Do polskich biur detektywistycznych najczęściej zgłaszane są sprawy faktycznych i wyimaginowanych zdrad. One stanowią aż 70 proc. wszystkich zleceń Artura Machnowskiego i Ireneusza Stawczyka z Warszawy. - Kiedyś to panie były bardziej zazdrosne i to one zlecały śledzenie mężów lub narzeczonych. Teraz jest pół na pół - mówi Stawczyk. Bywa że uda się rozwiać podejrzenia. - Śledziliśmy kiedyś męża przez cały dzień, a zazdrosna żona kazała na bieżąco relacjonować przez telefon każdy jego krok - opowiada. - Musiała wiedzieć, co robi w pracy, na zakupach, a nawet gdy wchodzi po schodach ich domu. Kończyliśmy, gdy otwierał drzwi mieszkania i żona widziała go już na własne oczy. Okazało się, ze był czysty jak łza - kończy Stawczyk. Podejrzliwą żonę przyjemność ta kosztowała parę tysięcy złotych.
Panie i panowie chcący sprawdzić wierność partnerów są też częstymi klientami Andały. Proszą, żeby "podsunąć" partnerowi atrakcyjną osobę i wyśledzić, co będzie dalej. - Zawsze wtedy kilka razy ostrzegam, aby klient się dobrze zastanowił. Partner może nie sprostać takiej próbie - mówi Andała. Gdy "celem" jest mężczyzna, do akcji rusza atrakcyjna pracownica biura. Gdzieś na parkingu nagle upuszcza torebkę albo prosi obserwowanego o pomoc przy naprawie samochodu. Mężczyzna zachowuje się zwykle bardzo szarmancko, po czym, nie wiedząc, że jest śledzony, zaprasza "przynętę" na kawę. Kiedy pada propozycja pójścia w ustronne miejsce, pani detektyw odmawia i kończy pracę. - Nigdy nie posuwamy się dalej. Ale klientka dostaje wtedy zdjęcia i nagranie z kamery - przyznaje detektyw Andała.
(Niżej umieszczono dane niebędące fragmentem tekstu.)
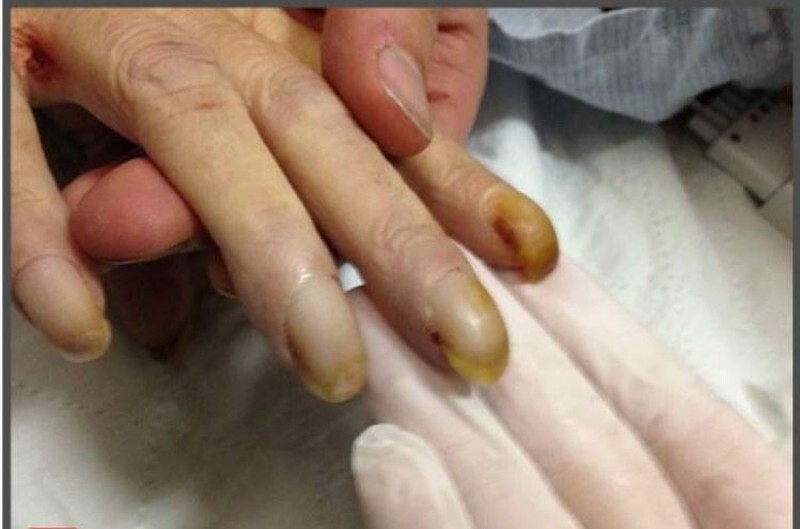 Ngón tay dùi trống là gì? Ngón tay dùi trống là biểu hiện của bệnh gì? 2 Ngón tay dùi trống là biểu hiện của nhiều bệnh lý khác nhau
I choć praca detektywa prawdziwego różni się od tego znanego z telewizji, który bardziej przypomina Jamesa Bonda niż Sherlocka Holmesa, to Polaków nie zniechęca to do korzystania z ich usług. Agencje detektywistyczne wyrastają jak grzyby po deszczu i nie narzekają na brak zleceń. Jedno biuro dostaje ich rocznie więcej od 300 do 400. Bo detektyw jest dobry na wszystko, zawsze pomoże i nie ma dla niego spraw niemożliwych.